Chief Justice of Missouri
- In office July 1, 2007 – June 30, 2009
- Preceded by: Michael A. Wolff
- Succeeded by: William Ray Price Jr.

Judge of the Supreme Court of Missouri
- In office March 7, 2001 – March 8, 2021
- Appointed by: Bob Holden
- Preceded by: Ann K. Covington
- Succeeded by: Robin Ransom

Personal details
- Born: October 30, 1953 (age 72) St.
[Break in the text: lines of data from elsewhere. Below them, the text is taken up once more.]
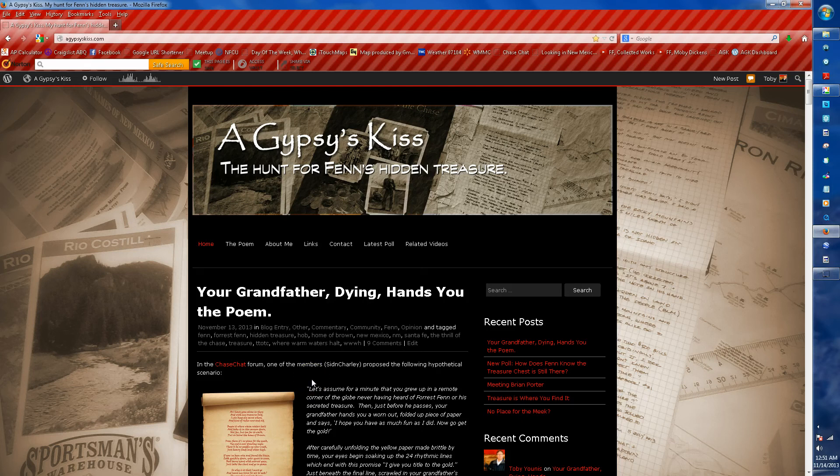Hello, this is Toby Yunus of A Gypsy's Kiss, a blog where we talk about the hunt for Forrest Fenn's hidden treasure in the mountains someplace north of Santa Fe.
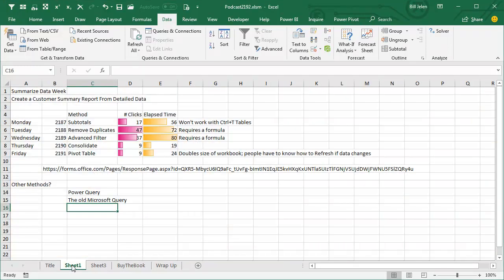All this week we did 5 episodes, 2187 through 2191, on how to create a customer summary report from detailed data, starting with subtotals, remove duplicates, advanced filter, consolidate, and pivot table.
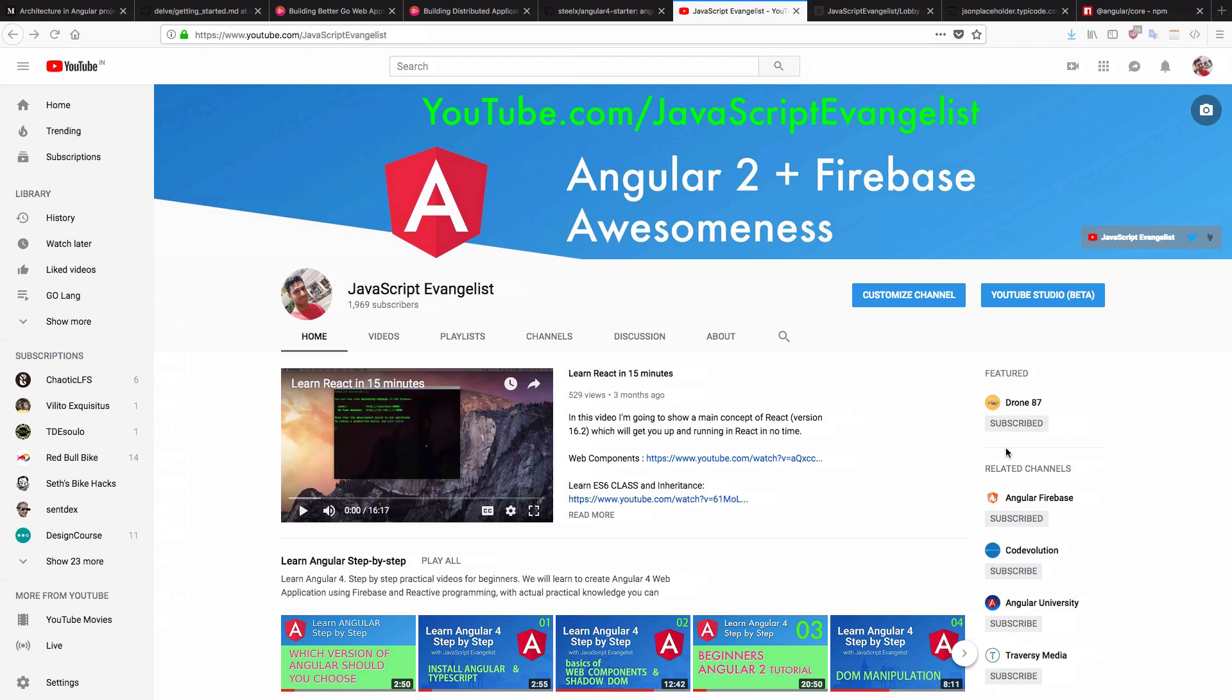Hello and welcome to JavaScript Evangelist. In today's video, we are going to learn about Angular plus RxJS behavior subject.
Louis, Missouri, U.S.
- Spouse: Donald G. Scott
- Relatives: Kate Stith (sister)
- Alma mater: Tufts University Georgetown University Law Center

= Laura Denvir Stith =

American judge (born 1953)

Laura Denvir Stith (born October 30, 1953) is a former judge of the Supreme Court of Missouri. She served from 2001 to 2021. She was elected by her fellow Supreme Court justices to serve a two-year term as Chief Justice, from July 1, 2007, to June 30, 2009, becoming the second woman to serve as Missouri's highest-ranking jurist.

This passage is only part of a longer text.